Having meticulously analyzed each hyperbola individually, we are now primed to engage in a comparative analysis, seeking to pinpoint the true statement that accurately contrasts their graphs. Let's systematically compare their key features:

• Foci: As we calculated, both hyperbolas share the same foci, located at (±10, 0). This immediately suggests that option A, which posits that the foci of both graphs are the same points, is a strong contender for the true statement.
• Transverse Axis: The first hyperbola has a transverse axis length of 12 units, while the second hyperbola boasts a transverse axis length of 16 units. This disparity indicates that option B, which claims that the lengths of both transverse axes are the same, is incorrect.
• Orientation: Both hyperbolas are horizontal, as evidenced by the positive x² term in their equations.
• Asymptotes: The asymptotes of the first hyperbola have slopes of ±(4/3), while the asymptotes of the second hyperbola have slopes of ±(3/4). This difference in slopes implies that the hyperbolas will approach different lines as they extend infinitely.

Based on our comparative analysis, the evidence overwhelmingly supports the conclusion that the foci of both graphs are indeed the same points. The other options presented in the problem can be confidently ruled out due to the differences in transverse axis lengths and asymptote slopes.
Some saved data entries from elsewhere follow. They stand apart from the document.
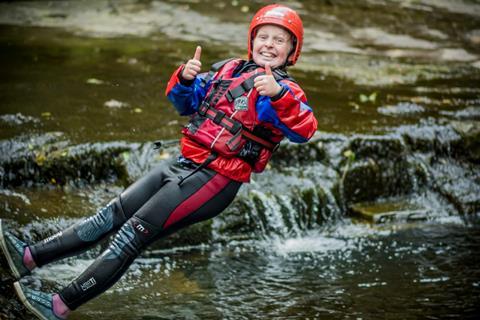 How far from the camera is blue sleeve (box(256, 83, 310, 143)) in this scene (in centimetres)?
406

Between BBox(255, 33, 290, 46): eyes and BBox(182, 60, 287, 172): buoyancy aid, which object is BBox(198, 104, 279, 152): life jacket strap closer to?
BBox(182, 60, 287, 172): buoyancy aid

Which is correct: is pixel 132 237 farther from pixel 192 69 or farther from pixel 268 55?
pixel 268 55

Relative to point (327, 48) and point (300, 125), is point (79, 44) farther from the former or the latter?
point (300, 125)

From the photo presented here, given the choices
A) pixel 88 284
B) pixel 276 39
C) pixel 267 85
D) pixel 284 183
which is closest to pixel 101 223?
pixel 88 284

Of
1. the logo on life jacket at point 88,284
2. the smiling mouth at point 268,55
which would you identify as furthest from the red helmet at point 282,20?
the logo on life jacket at point 88,284

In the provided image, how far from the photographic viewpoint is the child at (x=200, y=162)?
4008mm

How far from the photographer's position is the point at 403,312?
513cm

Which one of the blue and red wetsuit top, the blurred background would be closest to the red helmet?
the blue and red wetsuit top

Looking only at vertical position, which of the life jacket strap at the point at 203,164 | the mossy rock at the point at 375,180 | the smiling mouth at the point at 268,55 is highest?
the smiling mouth at the point at 268,55

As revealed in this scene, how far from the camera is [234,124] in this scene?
13.8ft

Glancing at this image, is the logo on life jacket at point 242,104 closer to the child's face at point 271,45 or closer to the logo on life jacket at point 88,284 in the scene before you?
the child's face at point 271,45

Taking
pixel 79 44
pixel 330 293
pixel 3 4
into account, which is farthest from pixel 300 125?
pixel 3 4

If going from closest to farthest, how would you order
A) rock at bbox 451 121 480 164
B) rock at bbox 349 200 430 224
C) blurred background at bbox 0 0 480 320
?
blurred background at bbox 0 0 480 320 → rock at bbox 349 200 430 224 → rock at bbox 451 121 480 164

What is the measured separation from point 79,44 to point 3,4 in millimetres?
3300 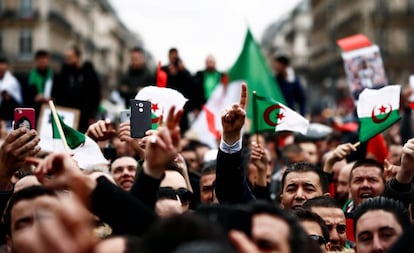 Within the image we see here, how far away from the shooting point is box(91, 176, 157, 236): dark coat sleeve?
4.56m

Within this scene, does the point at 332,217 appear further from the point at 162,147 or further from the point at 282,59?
the point at 282,59

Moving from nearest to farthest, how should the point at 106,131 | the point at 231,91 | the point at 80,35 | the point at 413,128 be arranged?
the point at 106,131
the point at 231,91
the point at 413,128
the point at 80,35

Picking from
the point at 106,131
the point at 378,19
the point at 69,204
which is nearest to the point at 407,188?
the point at 106,131

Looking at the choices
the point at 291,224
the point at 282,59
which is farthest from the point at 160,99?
the point at 282,59

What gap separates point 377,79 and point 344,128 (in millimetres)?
1481

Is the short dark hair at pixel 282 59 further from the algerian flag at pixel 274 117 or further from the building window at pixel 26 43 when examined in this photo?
the building window at pixel 26 43

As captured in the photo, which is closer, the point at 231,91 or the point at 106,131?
the point at 106,131

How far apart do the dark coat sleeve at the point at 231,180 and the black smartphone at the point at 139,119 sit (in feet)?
1.94

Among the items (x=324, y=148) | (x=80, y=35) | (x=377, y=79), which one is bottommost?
(x=324, y=148)

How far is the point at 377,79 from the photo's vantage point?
1196 cm

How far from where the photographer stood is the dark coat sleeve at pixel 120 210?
4562 millimetres

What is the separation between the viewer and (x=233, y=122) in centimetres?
619

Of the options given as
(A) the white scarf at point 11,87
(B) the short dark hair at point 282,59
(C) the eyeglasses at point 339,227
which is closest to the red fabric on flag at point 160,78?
(C) the eyeglasses at point 339,227

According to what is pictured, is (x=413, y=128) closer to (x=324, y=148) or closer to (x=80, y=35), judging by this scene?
(x=324, y=148) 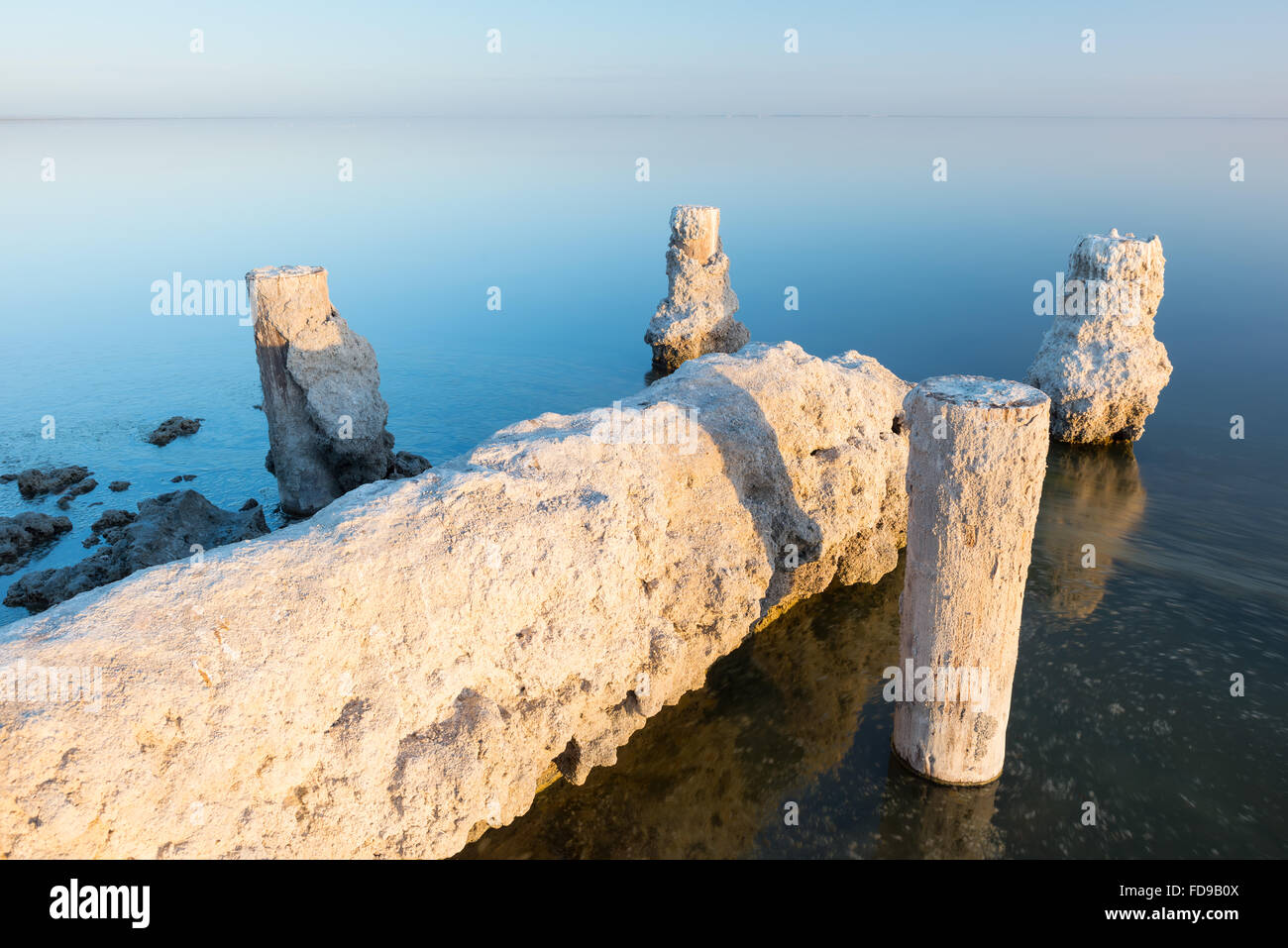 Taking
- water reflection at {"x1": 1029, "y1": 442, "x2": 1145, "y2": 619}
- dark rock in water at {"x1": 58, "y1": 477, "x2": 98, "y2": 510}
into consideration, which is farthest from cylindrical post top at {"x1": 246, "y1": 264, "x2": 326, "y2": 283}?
water reflection at {"x1": 1029, "y1": 442, "x2": 1145, "y2": 619}

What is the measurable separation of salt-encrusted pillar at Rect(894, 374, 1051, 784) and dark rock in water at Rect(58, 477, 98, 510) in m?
15.2

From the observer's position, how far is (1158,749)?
9734mm

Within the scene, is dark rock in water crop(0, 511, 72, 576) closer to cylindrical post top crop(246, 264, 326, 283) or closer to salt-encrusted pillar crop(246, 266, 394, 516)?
salt-encrusted pillar crop(246, 266, 394, 516)

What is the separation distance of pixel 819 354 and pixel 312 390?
16.3 m

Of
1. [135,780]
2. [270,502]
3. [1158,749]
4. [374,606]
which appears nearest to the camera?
[135,780]

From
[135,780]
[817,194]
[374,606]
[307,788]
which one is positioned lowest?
[307,788]

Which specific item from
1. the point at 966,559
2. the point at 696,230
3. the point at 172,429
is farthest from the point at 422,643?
the point at 696,230

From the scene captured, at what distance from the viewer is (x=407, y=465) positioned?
1712 cm

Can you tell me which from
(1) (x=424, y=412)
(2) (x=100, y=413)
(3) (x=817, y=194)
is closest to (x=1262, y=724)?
(1) (x=424, y=412)

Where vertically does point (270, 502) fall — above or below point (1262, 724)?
above

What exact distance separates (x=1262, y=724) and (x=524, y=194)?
54542 mm

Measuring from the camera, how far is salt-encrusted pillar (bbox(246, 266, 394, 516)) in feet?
45.0

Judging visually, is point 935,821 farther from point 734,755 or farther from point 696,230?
point 696,230

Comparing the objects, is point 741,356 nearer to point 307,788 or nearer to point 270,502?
point 307,788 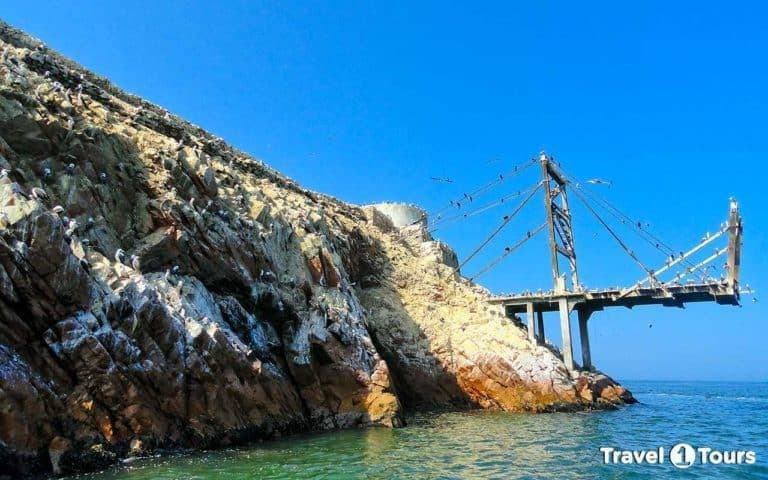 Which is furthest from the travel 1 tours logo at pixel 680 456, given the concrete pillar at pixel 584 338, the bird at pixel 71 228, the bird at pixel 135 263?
the concrete pillar at pixel 584 338

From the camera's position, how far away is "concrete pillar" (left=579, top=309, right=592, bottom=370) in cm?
4916

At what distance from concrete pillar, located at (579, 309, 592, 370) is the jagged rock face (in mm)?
4114

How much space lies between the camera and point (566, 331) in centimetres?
4678

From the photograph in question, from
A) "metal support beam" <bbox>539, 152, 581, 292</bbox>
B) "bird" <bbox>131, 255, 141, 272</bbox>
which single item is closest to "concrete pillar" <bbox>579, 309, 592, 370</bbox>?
"metal support beam" <bbox>539, 152, 581, 292</bbox>

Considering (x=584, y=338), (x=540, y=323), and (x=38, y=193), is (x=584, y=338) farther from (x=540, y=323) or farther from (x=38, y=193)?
(x=38, y=193)

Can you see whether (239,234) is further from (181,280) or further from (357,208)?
(357,208)

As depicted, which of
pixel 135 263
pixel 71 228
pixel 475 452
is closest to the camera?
pixel 71 228

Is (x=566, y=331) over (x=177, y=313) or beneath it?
beneath

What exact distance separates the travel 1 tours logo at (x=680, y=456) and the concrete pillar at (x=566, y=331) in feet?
68.2

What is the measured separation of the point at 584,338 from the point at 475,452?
31636 millimetres

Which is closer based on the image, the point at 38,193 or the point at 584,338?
the point at 38,193

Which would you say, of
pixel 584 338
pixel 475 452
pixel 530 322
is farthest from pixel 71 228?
pixel 584 338

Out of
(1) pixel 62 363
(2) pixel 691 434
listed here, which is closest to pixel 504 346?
(2) pixel 691 434

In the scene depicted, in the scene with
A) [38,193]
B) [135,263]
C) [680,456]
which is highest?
[38,193] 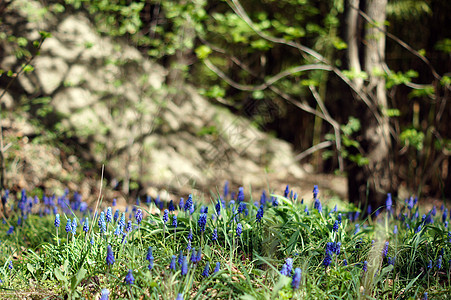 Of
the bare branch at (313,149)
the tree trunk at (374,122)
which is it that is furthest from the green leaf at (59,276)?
the tree trunk at (374,122)

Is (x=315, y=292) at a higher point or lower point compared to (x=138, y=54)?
lower

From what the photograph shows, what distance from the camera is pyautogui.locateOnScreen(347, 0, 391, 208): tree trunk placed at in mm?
3416

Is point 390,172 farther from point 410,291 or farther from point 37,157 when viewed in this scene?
point 37,157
Therefore, the true statement comparing the graphs of ${\frac{x^2}{6^2}-\frac{y^2}{8^2}=1}$ and ${\frac{x^2}{8^2}-\frac{y^2}{6^2}=1}$ is:

A. The foci of both graphs are the same points.

Conclusion

In this comprehensive exploration, we embarked on a journey to compare two hyperbolas, meticulously analyzing their equations and extracting key characteristics. By understanding the standard form of a hyperbola, we were able to determine the values of 'a', 'b', and 'c', which in turn allowed us to locate the vertices, foci, and asymptotes. Our comparative analysis revealed that while the hyperbolas differed in their transverse axis lengths and asymptote slopes, they shared the same foci. This led us to the identification of the true statement, solidifying our understanding of these fascinating conic sections. The exploration of hyperbolas not only enhances our mathematical knowledge but also cultivates our analytical and problem-solving skills. By dissecting equations, comparing properties, and drawing logical conclusions, we empower ourselves to tackle complex mathematical challenges with confidence and precision. The world of conic sections, with its intricate curves and geometric relationships, offers a rich landscape for mathematical exploration, inviting us to delve deeper into the beauty and elegance of mathematical principles.